Ich weiß allerdings nie, wie ich darauf antworten soll. Handelt es sich um eine tatsächliche Frage? Ich weiß nicht einmal, ob es eine Beleidigung oder eine unbeschwerte Bemerkung oder sogar ein Kompliment sein soll, etwas sehr Amerikanisches darüber, wie unglaublich ich im Multitasking sein muss, und sei es aus keinem anderen Grund, als weil ich eindeutig mindestens vier Mal ungeschützten Sex hatte.
Ich bin tatsächlich nicht gut im Multitasking.

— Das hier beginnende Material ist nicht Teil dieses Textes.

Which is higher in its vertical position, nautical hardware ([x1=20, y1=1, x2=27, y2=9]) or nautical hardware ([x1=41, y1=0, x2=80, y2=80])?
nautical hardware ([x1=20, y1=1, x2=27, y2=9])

Ich bin in all dem nicht gut, bei weitem nicht. Ehrlich gesagt ist das der Grund, warum man mich nicht oft mit allen vieren in der Öffentlichkeit sieht. Denn wenn der Abend hereinbricht und ich mit der Arbeit fertig bin und die Kinder größtenteils gefüttert und vielleicht abgewischt sind, liege ich normalerweise erschöpft auf dem Boden in meinem Haus, mit jemandes Kot oder Erbrochenem auf meinem Hemd, und versuche, die Kraft aufzubringen, zur Mülltonne zu kriechen, damit ich das letzte eklige Ding entsorgen kann, das mir von einem vorbeikommenden Kind gereicht wurde.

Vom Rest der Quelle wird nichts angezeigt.